» LISTED RECORDS
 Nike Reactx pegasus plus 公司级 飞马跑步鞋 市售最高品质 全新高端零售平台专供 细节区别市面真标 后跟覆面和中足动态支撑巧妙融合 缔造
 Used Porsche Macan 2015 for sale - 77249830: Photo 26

---

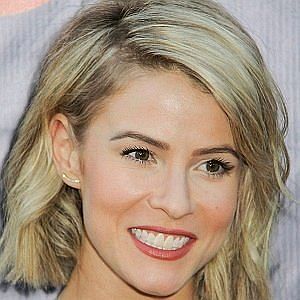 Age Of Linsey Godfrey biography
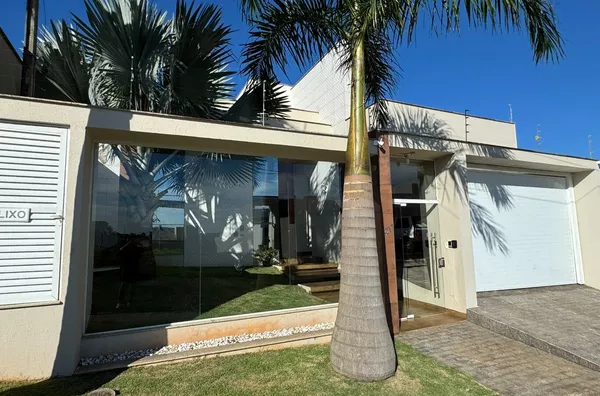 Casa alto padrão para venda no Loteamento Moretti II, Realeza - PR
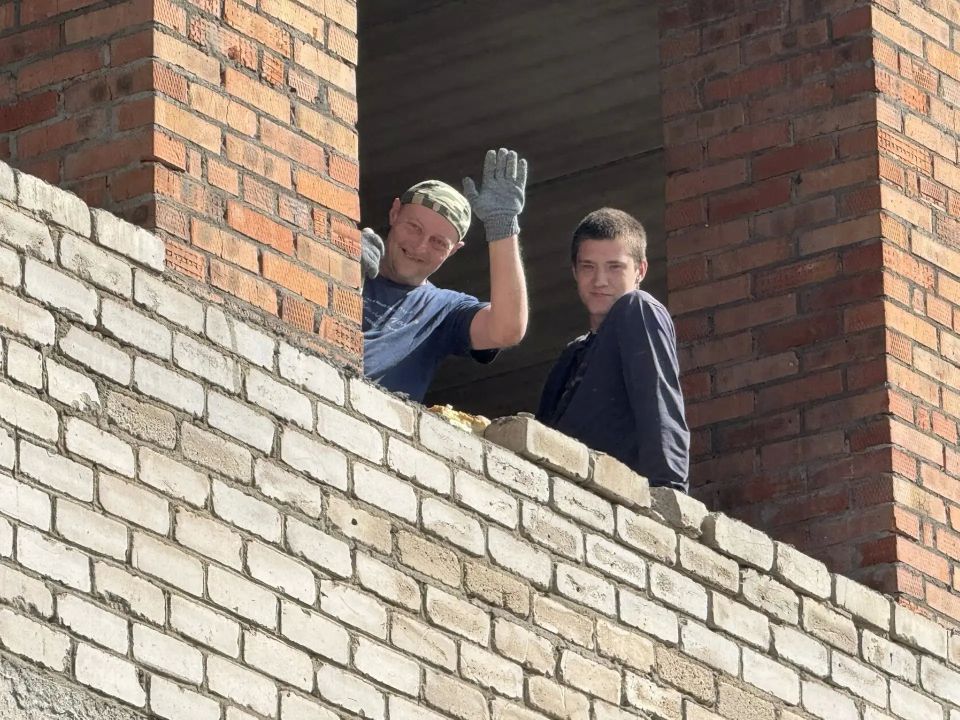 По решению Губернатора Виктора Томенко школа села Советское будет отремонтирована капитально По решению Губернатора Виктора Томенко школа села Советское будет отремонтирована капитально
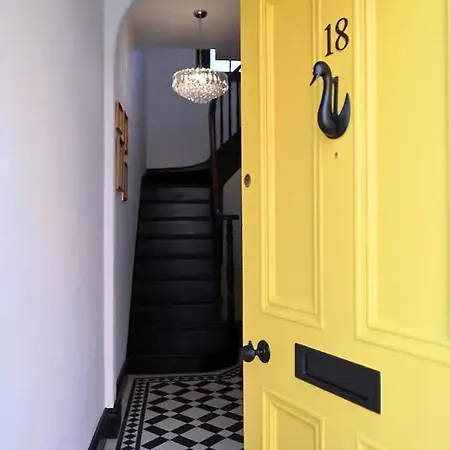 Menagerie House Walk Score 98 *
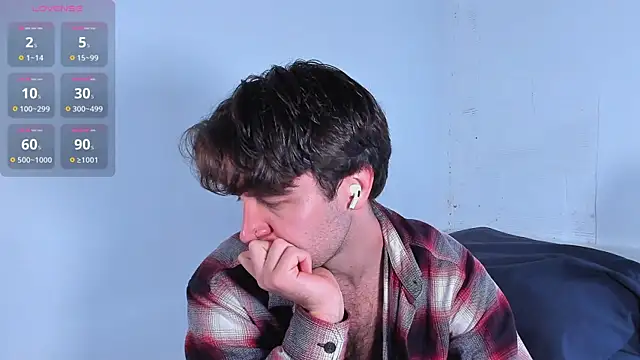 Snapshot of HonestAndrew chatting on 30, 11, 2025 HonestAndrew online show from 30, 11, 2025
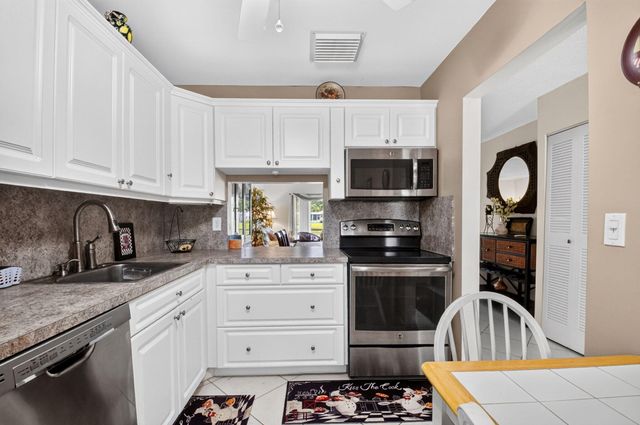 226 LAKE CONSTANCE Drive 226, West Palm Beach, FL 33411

...

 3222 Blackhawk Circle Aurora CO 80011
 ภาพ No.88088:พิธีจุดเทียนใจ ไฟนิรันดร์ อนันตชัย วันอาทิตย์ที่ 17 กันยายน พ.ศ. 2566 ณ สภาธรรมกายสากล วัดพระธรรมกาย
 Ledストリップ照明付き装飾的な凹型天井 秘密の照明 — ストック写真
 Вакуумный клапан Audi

» WHAT IS EXPECTED
The required answer is the exact run of lines above starting at the line with "ภาพ No.88088:พิธีจุดเทียนใจ ไฟนิรันดร์" and ending at the line with "Вакуумный клапан Audi", with both ends present.

» TASK OUTPUT
 ภาพ No.88088:พิธีจุดเทียนใจ ไฟนิรันดร์ อนันตชัย วันอาทิตย์ที่ 17 กันยายน พ.ศ. 2566 ณ สภาธรรมกายสากล วัดพระธรรมกาย
 Ledストリップ照明付き装飾的な凹型天井 秘密の照明 — ストック写真
 Вакуумный клапан Audi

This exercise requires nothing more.